When developing your workflows, it's not expected that you will do it exactly right on the first try. Nobody is perfect. And there are a number of moving parts. In this section we'll discuss how to debug your workflows so you can make forward progress during development.

This is an ordered list that will walk you down the levels of the stack to help identify the root cause.

LED State

The first thing you should do is check that the LEDs are in the expected state. See this guide. Confirm that the device is connected (three white LEDs) - if not, figure out why (weak/no cell coverage, captive portal on WiFi, dead battery, not activated, etc.)

Radio Check

The next thing to do is to test that basic communications are working. Tap the Assistant button, and the Relay's LEDs should turn blue and it should speak out the name of the device and what channel it is on (i.e., "Alice is on Main"), then the LEDs should return to their original state. Since these actions and speech come from the Relay server, this is a good way to verify that you have round-trip connectivity to the Relay server and that the device is properly activated. This doesn't involve anything from your workflow server.

Try a Built-In Workflow

As an additional check that the Relay server and device are in good shape, try triggering a pre-registered built-in workflow, such as holding down the Assistant button and speaking the phrase "battery". There won't be a confirmation beep upon the recognized phrase. After a moment, the device should speak something like "The battery level is 85 percent." This also helps to verify that the Relay server can hear your voice and transcribe what you said.

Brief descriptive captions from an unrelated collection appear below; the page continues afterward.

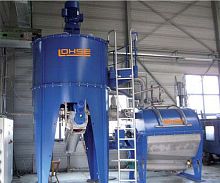 Organic waste treatment plant for food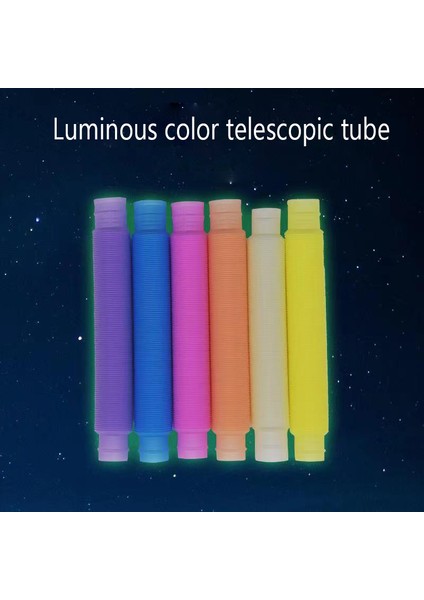 1 Adet Rastgele 2.9cm Tarzı Anti- Esnek Tüpler Makaronlar Luminöz Dalgalı Hava Yolu Oyuncakları Floresan Renk Çocuklar Boru Oyuncaklar Çocuklar Oyuncaklar (Yurt Dışından)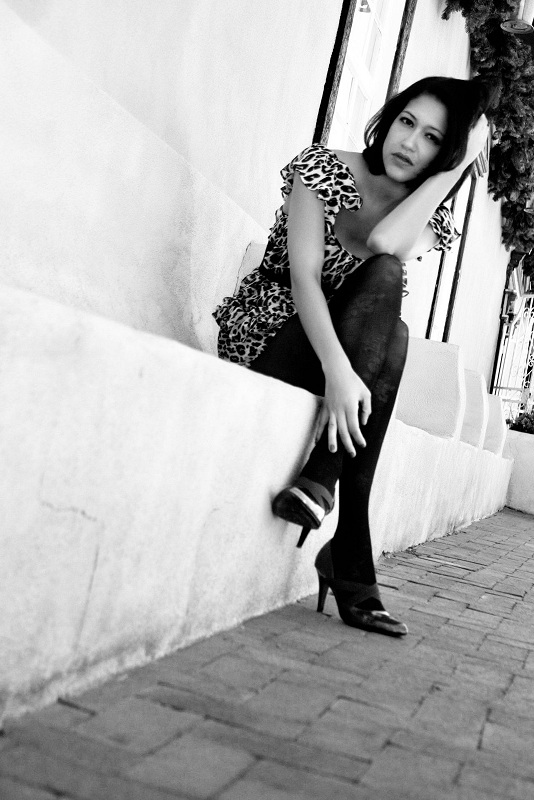 Female model photo shoot of MarciaPacheco in Old Town Albuquerque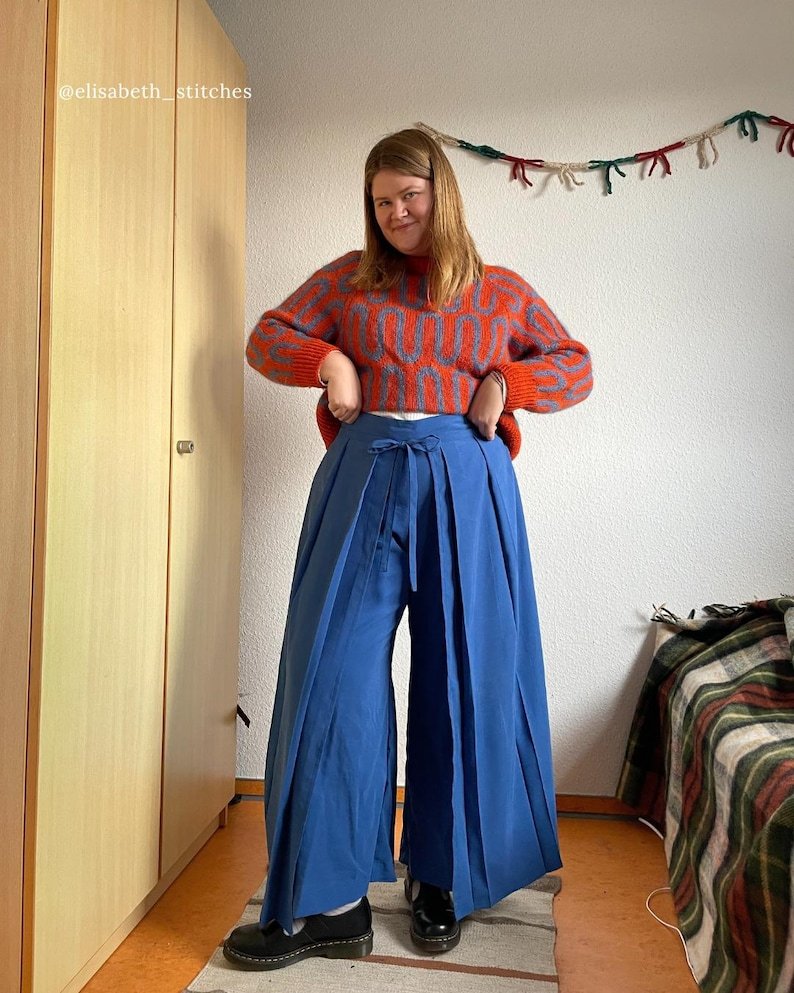 Sleepy Pleated Pants Sewing Pattern | Beginner friendly | Size Inclusive | Instant PDF Download | wide leg - Image 9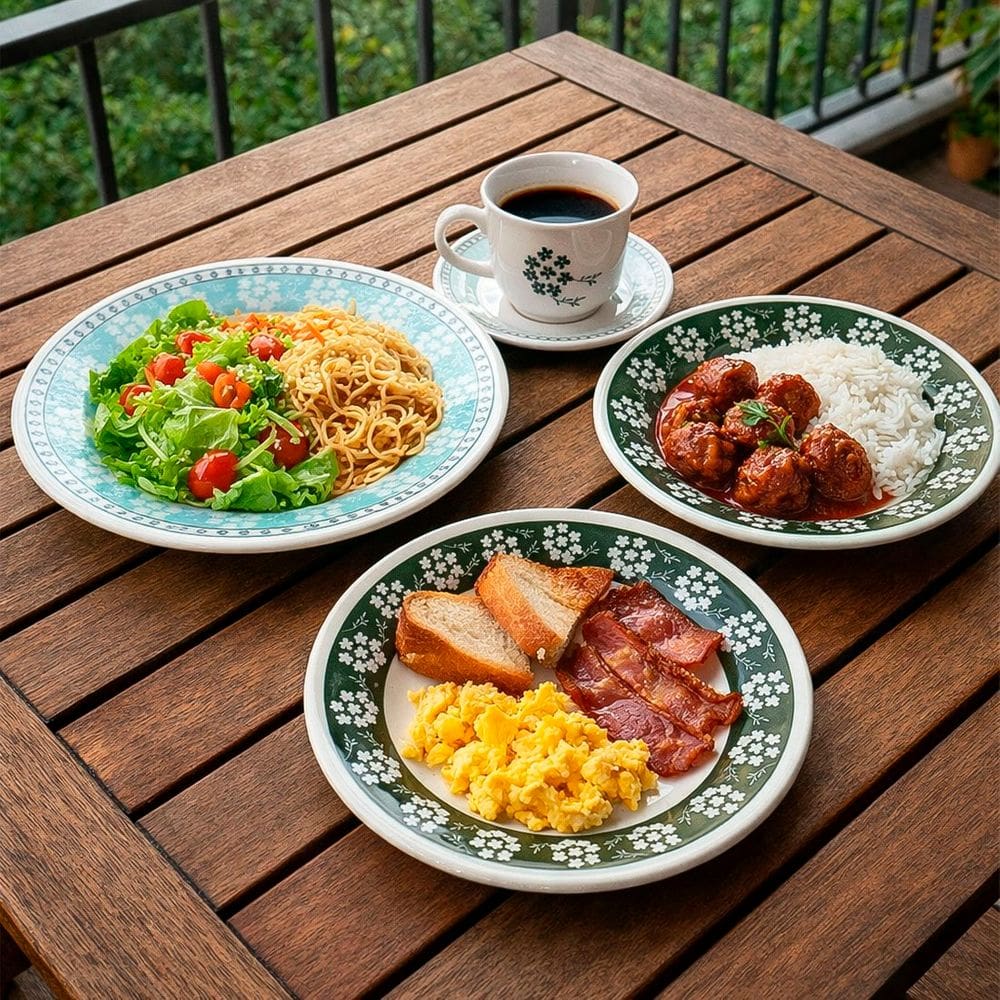 Aparelho Jantar Oxford Donna Bosque Jogo Kit 30pçs 6 Pessoas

You can also try a built-in workflow that isn't automatically registered, such as the "hello world" and "LED demo" ones described in the Quick Start.

Workflow Server is Listening

The next thing to do is to verify that your workflow server is up and running and listening for incoming connection requests. Unless you have disabled default logging in the Relay SDK, you should see a log message like this from your workflow app when you start it:

Relay SDK WebSocket Server listening => 8080
INFO:relay.workflow:Relay workflow server (relay-sdk-python/2.0.0) listening on localhost port 8080 with plaintext
11:11:42 [1] [] [DBG] Add "/hello_world" to SamplesLibrary.HelloWorldWorkflow 
7/13/2022 11:11:42 AM [Info] Server started at ws://0.0.0.0:8080 (actual port 8080)

Check that this message appears in verbose mode, and that the port number is as you expected.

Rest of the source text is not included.